Lars Vogt und Louise Alder (Foto: Wonge Bergmann)

„Harmonische Kühnheiten“ mit „Zungenbrecher“


Das Gespräch zwischen Lars Vogt und dem englischen Musikwissenschaftler Cliff Eisen sollte vor allem Einblicke in die beiden wichtigsten Werke des Jahres 1785 bieten: Das Streichquartett C-Dur KV 465, und das Klavierkonzert Nr. 20 d-Moll KV 466.

Warum diese beiden Werke? Es sind die „harmonischen Kühnheiten“ im Streichquartett, weshalb es auch den Beinamen „Dissonanzenquartett“ erhielt. Heutigen Ohren vertraut, hatte es zur damaligen Zeit die Gemüter erregt, wenngleich selbst Josef Haydn, der dieses Stück zu Ohren bekam und dem dieses Stück auch gewidmet ist, den hohen Rang dieser Komposition erkannte und würdigte. Cliff Eisen, der einige Passagen aus dem Quartett, aber auch aus dem Klavierkonzert vortragen ließ, konzentrierte seinen Vortrag auf die Virtuosität Mozarts (damals einer der besten Pianisten) und seine ausgefeilte Technik – eines der Besonderheiten des Klavierkonzerts –,  die er mit einem Maler verglich, wobei er Mozart eher zu denen mit spitzer Feder, als zu denen mit breitem Pinsel zählte. Lars Vogts einziger Beitrag bestand in einer kurzen Passage aus Mozarts Klavierkonzert KV 467, womit er herausstrich, wie diffizil sie zu spielen sei. Mozart meinte Vogt, sei „zu einfach für Kinder und zu schwer für Erwachsene“, womit er die Nacktheit und Entblößtheit der Notensetzung hervorhob. Vieles von ihm sei vergleichbar mit einem „Zungenbrecher“: „Einmal falsch gesetzt und du bist raus.“ Es komme nicht von ungefähr, dass sich viele Pianisten vor Mozart drückten, weil sie dieses Risiko vermeiden wollten.
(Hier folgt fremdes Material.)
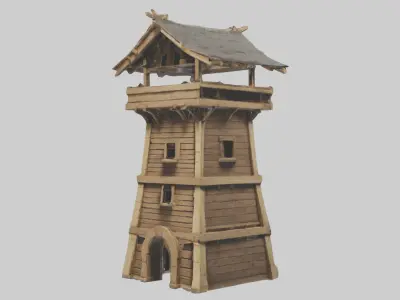 Siegetower Model Low-poly 3D model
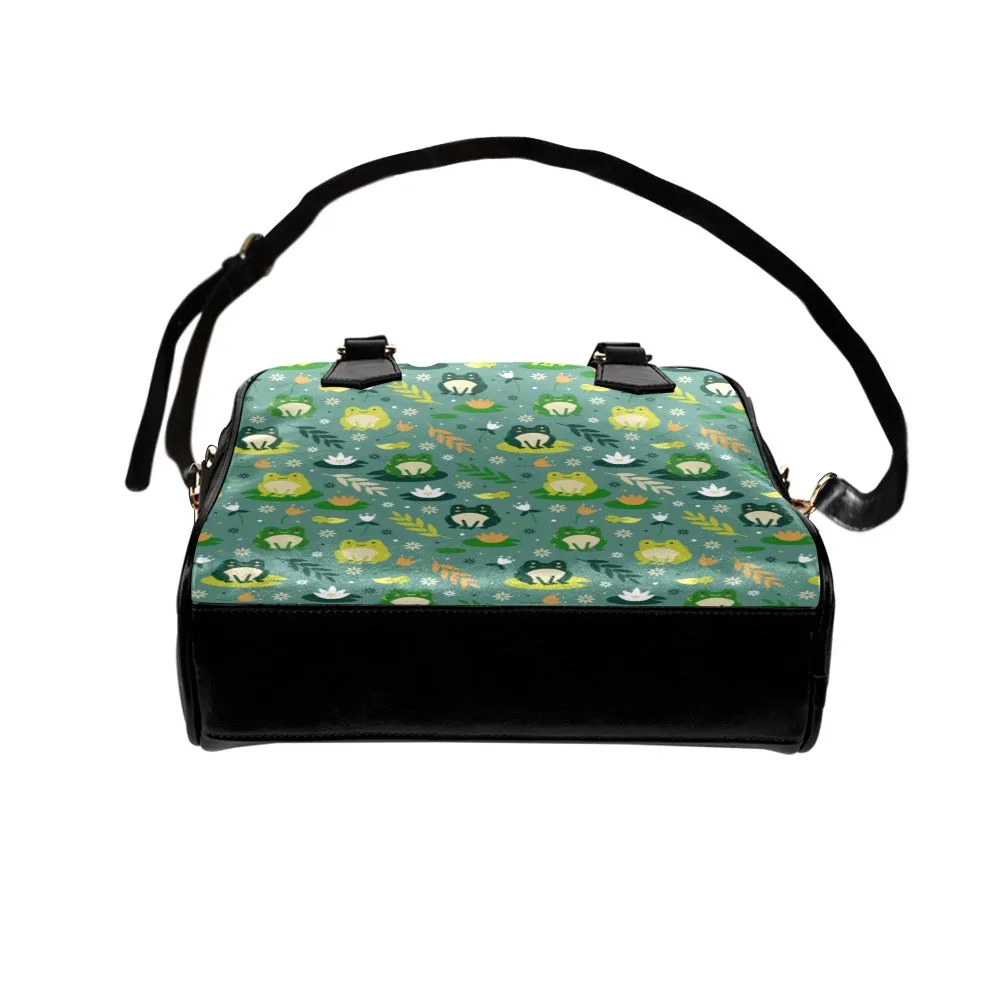 Frog Purse, Kawaii Green Animal Retro Vintage Floral Black Print Small Shoulder Bag Vegan Leather Women Designer Handbag Crossbody Ladies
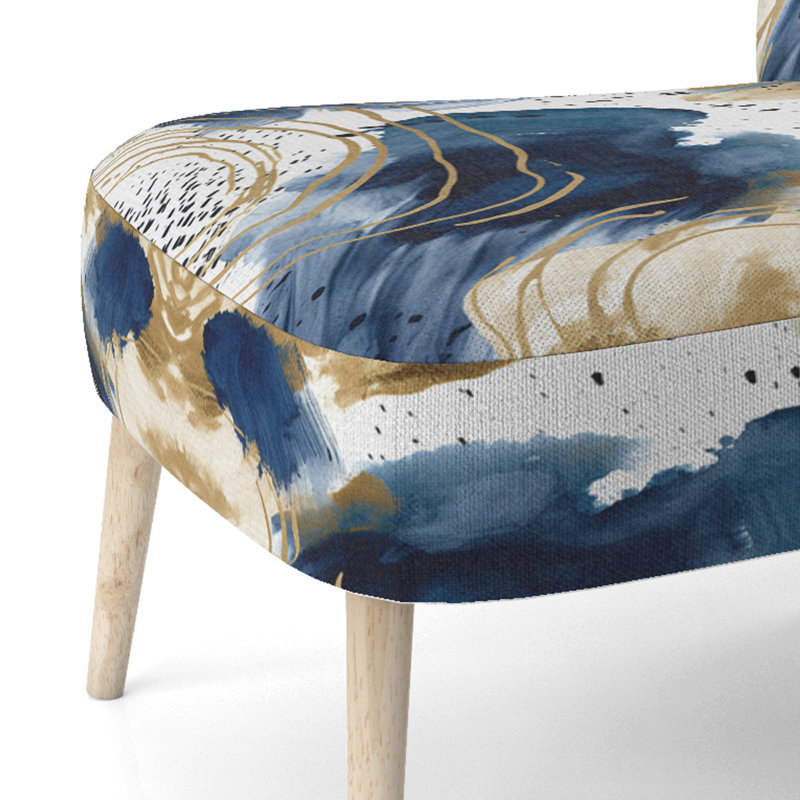 Abstract Pattern With Blue & Golden Textures II - Upholstered Contemporary Side Chair, Collage Art Accent Chair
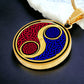 Elegant gold pendant featuring a vivid Fire red & Water blue Celtic Yin Yang Necklace set against a Gold & Black backdrop. This jewelry offers personalization with an engraving option for a name.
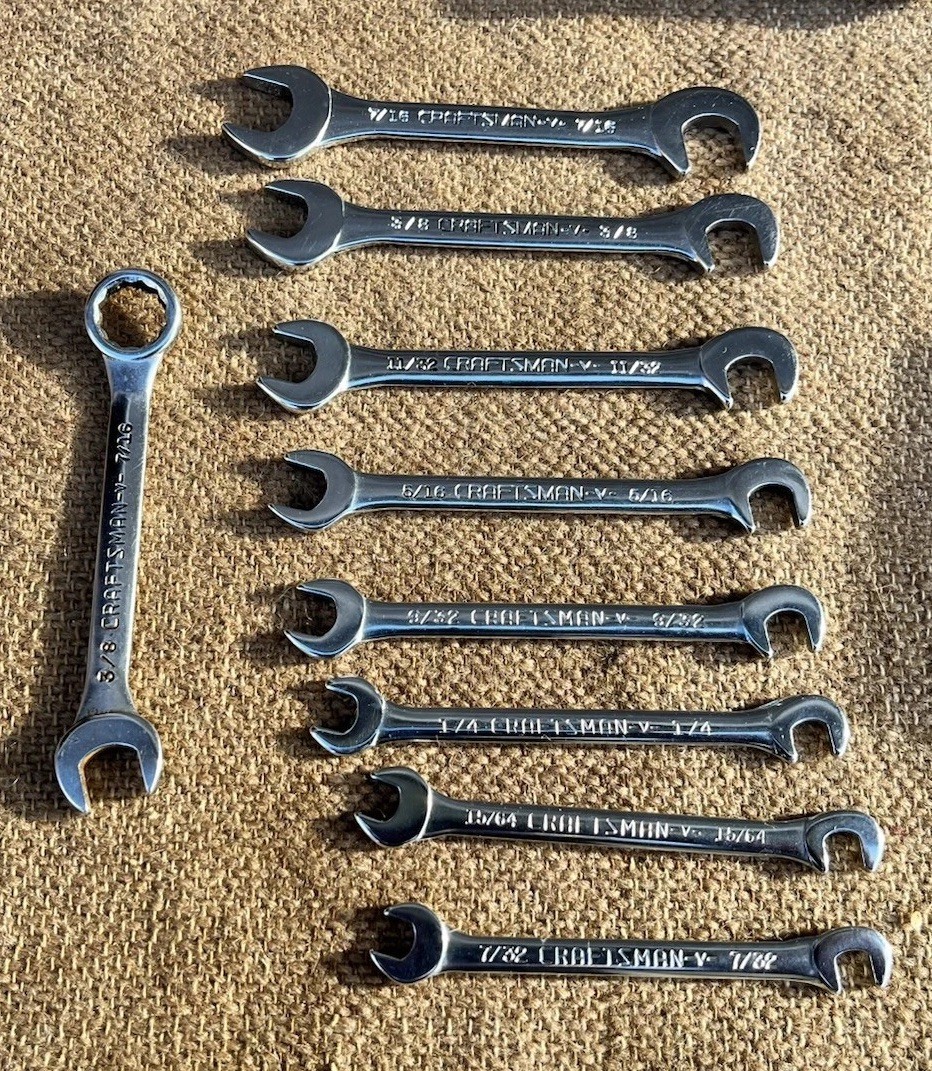 Vtg 8pc Craftsman 4306 SAE Open End Ignition Wrench Set USA +Extra 3/8 Combo -v-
Das Streichquartett bzw. Dissonanzenquartett gehörte in der Folge zum echten Hinhörer dieses Abends. Ein Quartett wie aus einem Guss, besetzt mit Anna Matz (1. Violine), Katarzyna Wozniakowska (2. Violine), Yannick Dondelinger (Bratsche) und Christophe Morin (Violoncello). Es war nur der erste von vier Sätzen, das Adagio-Allegro, das sie spielten, aber der hatte es in sich: ein Changieren zwischen Dur und Moll, mit gewagten Vorhalten und pochendem Bass. Ein inspiratives Werk, das von ihnen, allen voran Anna Matz, mit großer Leidenschaft und klanglicher Perfektion präsentiert wurde.

Das abschließende Klavierkonzert D-Moll KV 466, das 20ste seiner insgesamt 27, sah Lars Vogt im Fokus, der nicht nur als Pianist, sondern auch als Dirigent in den Mittelpunkt des Geschehens trat. Hier zeigte sich doch das Problem einer zu kurzen Probezeit. Vogt dirigierte nervös, ohne wirklichen Bezug zum Orchester – das übrigens aus 24 Instrumentalisten (darunter 11 Bläser) bestand –, was sich auch auf sein Spiel am Flügel übertrug. Nicht unbedingt fehlerfrei, geriet ihm dieses dramatische, ausdrucksstarke Werk zu einem „Zungenbrecher“, um ihn bei seinem Wort zu nehmen. Dennoch bewies gerade hier das MCO seine exorbitante Klasse. Ihre Interpretationskraft ist einmalig in der Musikwelt. Dieser Klangkörper harmonierte in Perfektion und hätte einen Dirigenten durchaus entbehren können, was möglicherweise Lars Vogt eine größere Ruhe und Konzentration vergönnt hätte. Der Beifall allerdings war frenetisch, obwohl das Konzert durch ein ständiges Mitsummen aus dem Publikum zusätzlich noch erheblich gestört wurde.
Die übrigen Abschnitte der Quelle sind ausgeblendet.